### Supplied information
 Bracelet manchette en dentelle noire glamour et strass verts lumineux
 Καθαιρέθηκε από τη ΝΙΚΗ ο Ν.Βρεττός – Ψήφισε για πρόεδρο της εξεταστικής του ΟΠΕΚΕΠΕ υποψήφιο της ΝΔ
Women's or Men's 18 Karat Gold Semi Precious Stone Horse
==
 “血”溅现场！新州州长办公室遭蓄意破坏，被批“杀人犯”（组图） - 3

### How to complete this task
Your answer should be the lines above, from the line containing "Bracelet manchette en" up to and including the line containing "Women's or Men's", reproduced exactly and with nothing else.

### Output of the task
 Bracelet manchette en dentelle noire glamour et strass verts lumineux
 Καθαιρέθηκε από τη ΝΙΚΗ ο Ν.Βρεττός – Ψήφισε για πρόεδρο της εξεταστικής του ΟΠΕΚΕΠΕ υποψήφιο της ΝΔ
Women's or Men's 18 Karat Gold Semi Precious Stone Horse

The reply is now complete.